#### [Source records]
┏━━
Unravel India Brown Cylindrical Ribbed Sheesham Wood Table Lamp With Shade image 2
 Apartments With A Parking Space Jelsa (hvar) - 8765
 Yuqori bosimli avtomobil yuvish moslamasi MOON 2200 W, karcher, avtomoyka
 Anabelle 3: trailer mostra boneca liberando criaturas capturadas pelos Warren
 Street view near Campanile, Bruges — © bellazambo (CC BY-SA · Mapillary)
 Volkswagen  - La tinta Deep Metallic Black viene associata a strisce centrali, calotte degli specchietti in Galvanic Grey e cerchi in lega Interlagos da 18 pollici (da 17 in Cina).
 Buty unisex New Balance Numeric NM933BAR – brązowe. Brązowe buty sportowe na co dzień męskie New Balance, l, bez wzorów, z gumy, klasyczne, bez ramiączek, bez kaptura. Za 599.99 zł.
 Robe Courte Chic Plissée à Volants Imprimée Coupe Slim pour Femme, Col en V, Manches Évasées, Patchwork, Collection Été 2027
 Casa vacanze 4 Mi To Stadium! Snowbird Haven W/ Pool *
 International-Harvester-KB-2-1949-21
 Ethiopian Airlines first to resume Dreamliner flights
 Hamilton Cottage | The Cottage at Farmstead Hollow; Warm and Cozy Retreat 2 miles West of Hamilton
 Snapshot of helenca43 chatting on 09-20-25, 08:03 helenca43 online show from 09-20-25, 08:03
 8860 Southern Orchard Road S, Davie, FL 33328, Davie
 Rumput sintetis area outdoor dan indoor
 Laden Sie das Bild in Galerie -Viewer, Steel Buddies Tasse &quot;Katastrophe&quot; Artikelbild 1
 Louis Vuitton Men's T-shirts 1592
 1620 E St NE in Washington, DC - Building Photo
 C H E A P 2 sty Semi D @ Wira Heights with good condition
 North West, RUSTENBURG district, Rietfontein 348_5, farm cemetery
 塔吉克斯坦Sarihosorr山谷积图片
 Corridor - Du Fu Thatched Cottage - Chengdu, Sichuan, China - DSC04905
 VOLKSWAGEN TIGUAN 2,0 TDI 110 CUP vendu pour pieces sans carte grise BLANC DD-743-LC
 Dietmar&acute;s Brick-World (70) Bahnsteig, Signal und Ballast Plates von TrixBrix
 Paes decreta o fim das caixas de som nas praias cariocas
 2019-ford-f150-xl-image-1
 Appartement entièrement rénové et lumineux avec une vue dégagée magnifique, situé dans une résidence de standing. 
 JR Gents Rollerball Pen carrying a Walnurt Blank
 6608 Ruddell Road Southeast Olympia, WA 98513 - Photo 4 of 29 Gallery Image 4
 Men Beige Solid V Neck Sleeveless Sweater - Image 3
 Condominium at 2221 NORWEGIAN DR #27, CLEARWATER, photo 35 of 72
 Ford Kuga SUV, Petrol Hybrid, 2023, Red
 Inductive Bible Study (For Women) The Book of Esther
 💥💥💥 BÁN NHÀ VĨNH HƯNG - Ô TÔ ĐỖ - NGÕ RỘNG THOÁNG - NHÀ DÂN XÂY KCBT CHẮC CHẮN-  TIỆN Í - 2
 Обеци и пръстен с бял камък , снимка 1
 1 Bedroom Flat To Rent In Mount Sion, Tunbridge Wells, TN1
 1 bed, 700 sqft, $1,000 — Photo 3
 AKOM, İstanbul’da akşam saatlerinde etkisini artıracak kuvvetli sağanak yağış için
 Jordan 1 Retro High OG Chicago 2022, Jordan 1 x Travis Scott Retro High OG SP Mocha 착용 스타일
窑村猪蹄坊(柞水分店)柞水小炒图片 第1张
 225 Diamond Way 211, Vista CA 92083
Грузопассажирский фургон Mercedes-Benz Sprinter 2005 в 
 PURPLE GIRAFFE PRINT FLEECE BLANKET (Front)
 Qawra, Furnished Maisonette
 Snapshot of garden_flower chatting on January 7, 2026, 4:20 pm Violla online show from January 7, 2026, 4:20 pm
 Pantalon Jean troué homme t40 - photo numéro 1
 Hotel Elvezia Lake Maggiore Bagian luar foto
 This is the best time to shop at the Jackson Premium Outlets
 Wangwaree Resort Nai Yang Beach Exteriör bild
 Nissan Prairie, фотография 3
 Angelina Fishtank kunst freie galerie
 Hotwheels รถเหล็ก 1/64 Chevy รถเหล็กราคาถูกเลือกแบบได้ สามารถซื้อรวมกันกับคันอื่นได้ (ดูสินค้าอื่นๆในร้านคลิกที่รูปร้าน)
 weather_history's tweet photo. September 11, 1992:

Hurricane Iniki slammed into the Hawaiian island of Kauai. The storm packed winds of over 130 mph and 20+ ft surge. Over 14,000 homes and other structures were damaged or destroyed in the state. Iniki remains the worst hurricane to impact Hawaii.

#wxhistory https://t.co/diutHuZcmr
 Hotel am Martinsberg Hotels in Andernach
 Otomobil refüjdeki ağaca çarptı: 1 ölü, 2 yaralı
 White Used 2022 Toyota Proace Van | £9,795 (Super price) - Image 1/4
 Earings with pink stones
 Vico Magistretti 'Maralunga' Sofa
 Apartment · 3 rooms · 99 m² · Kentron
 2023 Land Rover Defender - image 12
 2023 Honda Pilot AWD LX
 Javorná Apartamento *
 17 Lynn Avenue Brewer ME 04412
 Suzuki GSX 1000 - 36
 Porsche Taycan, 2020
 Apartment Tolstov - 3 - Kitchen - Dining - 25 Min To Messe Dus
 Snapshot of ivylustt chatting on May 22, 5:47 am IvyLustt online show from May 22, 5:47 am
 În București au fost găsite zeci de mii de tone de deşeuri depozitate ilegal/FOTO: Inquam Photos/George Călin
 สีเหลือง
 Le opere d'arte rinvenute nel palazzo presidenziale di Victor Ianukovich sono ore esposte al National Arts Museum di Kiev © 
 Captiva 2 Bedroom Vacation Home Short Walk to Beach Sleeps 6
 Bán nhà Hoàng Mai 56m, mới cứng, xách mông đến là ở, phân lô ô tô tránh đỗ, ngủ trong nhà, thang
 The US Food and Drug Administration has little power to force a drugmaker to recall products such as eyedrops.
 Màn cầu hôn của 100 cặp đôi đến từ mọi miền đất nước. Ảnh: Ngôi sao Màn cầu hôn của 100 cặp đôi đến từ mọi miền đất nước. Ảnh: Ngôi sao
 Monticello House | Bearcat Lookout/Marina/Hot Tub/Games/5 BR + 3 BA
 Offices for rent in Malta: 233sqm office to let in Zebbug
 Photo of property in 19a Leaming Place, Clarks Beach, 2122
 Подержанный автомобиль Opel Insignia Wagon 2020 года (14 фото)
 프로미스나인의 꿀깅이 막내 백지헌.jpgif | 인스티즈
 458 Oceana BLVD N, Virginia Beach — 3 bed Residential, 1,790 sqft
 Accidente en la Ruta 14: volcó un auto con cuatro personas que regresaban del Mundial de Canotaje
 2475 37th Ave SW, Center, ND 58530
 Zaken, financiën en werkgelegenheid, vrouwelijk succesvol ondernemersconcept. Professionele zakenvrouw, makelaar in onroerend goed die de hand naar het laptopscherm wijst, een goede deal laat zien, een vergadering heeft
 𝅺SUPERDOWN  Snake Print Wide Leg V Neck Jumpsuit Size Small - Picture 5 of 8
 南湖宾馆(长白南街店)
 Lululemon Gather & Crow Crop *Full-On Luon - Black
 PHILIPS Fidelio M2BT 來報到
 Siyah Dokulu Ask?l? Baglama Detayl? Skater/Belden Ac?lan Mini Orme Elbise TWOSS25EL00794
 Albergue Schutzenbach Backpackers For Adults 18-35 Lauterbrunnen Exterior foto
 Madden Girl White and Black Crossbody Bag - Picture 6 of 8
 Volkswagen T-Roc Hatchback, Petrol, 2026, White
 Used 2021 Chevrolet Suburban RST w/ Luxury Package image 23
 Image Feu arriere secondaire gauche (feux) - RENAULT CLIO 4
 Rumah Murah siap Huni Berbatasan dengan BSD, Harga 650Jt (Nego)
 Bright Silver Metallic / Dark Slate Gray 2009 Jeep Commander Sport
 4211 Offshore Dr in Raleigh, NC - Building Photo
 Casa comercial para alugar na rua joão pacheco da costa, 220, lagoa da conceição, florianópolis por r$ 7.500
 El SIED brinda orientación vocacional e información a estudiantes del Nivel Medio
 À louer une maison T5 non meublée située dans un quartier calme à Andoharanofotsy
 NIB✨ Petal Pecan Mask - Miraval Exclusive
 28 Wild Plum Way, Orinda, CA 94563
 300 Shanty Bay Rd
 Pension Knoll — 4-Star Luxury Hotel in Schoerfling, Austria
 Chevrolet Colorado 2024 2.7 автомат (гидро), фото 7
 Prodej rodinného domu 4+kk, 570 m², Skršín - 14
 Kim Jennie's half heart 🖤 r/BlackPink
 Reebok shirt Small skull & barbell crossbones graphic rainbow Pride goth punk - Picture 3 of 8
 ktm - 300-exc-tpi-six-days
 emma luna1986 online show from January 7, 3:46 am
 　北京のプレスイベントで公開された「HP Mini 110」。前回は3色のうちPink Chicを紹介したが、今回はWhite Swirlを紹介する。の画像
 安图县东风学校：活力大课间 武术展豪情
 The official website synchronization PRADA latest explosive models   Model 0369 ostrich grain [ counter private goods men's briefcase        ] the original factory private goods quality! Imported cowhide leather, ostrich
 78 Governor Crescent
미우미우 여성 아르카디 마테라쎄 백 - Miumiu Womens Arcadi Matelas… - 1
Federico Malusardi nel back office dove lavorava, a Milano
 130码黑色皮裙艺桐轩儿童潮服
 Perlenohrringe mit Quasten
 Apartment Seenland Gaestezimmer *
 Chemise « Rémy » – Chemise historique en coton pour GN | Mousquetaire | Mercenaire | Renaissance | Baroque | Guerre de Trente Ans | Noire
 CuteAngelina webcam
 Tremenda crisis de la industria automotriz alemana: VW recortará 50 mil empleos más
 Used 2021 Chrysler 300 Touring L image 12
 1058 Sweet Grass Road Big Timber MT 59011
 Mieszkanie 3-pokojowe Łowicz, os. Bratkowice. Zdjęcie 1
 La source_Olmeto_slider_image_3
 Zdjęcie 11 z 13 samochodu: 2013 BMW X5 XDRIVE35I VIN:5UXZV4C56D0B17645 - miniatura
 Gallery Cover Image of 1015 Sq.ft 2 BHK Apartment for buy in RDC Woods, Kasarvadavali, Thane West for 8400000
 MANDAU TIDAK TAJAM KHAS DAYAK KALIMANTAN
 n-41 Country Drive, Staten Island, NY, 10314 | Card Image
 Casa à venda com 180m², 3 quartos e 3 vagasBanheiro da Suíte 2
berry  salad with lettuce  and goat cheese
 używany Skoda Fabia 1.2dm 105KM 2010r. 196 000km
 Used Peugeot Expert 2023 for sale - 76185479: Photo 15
┗━━
#### [What is needed]
Word for word, restate the lines above from the line containing "Buty unisex New" through the line containing "1 bed, 700 sqft, $1,000 — Photo 3", with both included and nothing else.

#### [Response to this exercise]
 Buty unisex New Balance Numeric NM933BAR – brązowe. Brązowe buty sportowe na co dzień męskie New Balance, l, bez wzorów, z gumy, klasyczne, bez ramiączek, bez kaptura. Za 599.99 zł.
 Robe Courte Chic Plissée à Volants Imprimée Coupe Slim pour Femme, Col en V, Manches Évasées, Patchwork, Collection Été 2027
 Casa vacanze 4 Mi To Stadium! Snowbird Haven W/ Pool *
 International-Harvester-KB-2-1949-21
 Ethiopian Airlines first to resume Dreamliner flights
 Hamilton Cottage | The Cottage at Farmstead Hollow; Warm and Cozy Retreat 2 miles West of Hamilton
 Snapshot of helenca43 chatting on 09-20-25, 08:03 helenca43 online show from 09-20-25, 08:03
 8860 Southern Orchard Road S, Davie, FL 33328, Davie
 Rumput sintetis area outdoor dan indoor
 Laden Sie das Bild in Galerie -Viewer, Steel Buddies Tasse &quot;Katastrophe&quot; Artikelbild 1
 Louis Vuitton Men's T-shirts 1592
 1620 E St NE in Washington, DC - Building Photo
 C H E A P 2 sty Semi D @ Wira Heights with good condition
 North West, RUSTENBURG district, Rietfontein 348_5, farm cemetery
 塔吉克斯坦Sarihosorr山谷积图片
 Corridor - Du Fu Thatched Cottage - Chengdu, Sichuan, China - DSC04905
 VOLKSWAGEN TIGUAN 2,0 TDI 110 CUP vendu pour pieces sans carte grise BLANC DD-743-LC
 Dietmar&acute;s Brick-World (70) Bahnsteig, Signal und Ballast Plates von TrixBrix
 Paes decreta o fim das caixas de som nas praias cariocas
 2019-ford-f150-xl-image-1
 Appartement entièrement rénové et lumineux avec une vue dégagée magnifique, situé dans une résidence de standing. 
 JR Gents Rollerball Pen carrying a Walnurt Blank
 6608 Ruddell Road Southeast Olympia, WA 98513 - Photo 4 of 29 Gallery Image 4
 Men Beige Solid V Neck Sleeveless Sweater - Image 3
 Condominium at 2221 NORWEGIAN DR #27, CLEARWATER, photo 35 of 72
 Ford Kuga SUV, Petrol Hybrid, 2023, Red
 Inductive Bible Study (For Women) The Book of Esther
 💥💥💥 BÁN NHÀ VĨNH HƯNG - Ô TÔ ĐỖ - NGÕ RỘNG THOÁNG - NHÀ DÂN XÂY KCBT CHẮC CHẮN-  TIỆN Í - 2
 Обеци и пръстен с бял камък , снимка 1
 1 Bedroom Flat To Rent In Mount Sion, Tunbridge Wells, TN1
 1 bed, 700 sqft, $1,000 — Photo 3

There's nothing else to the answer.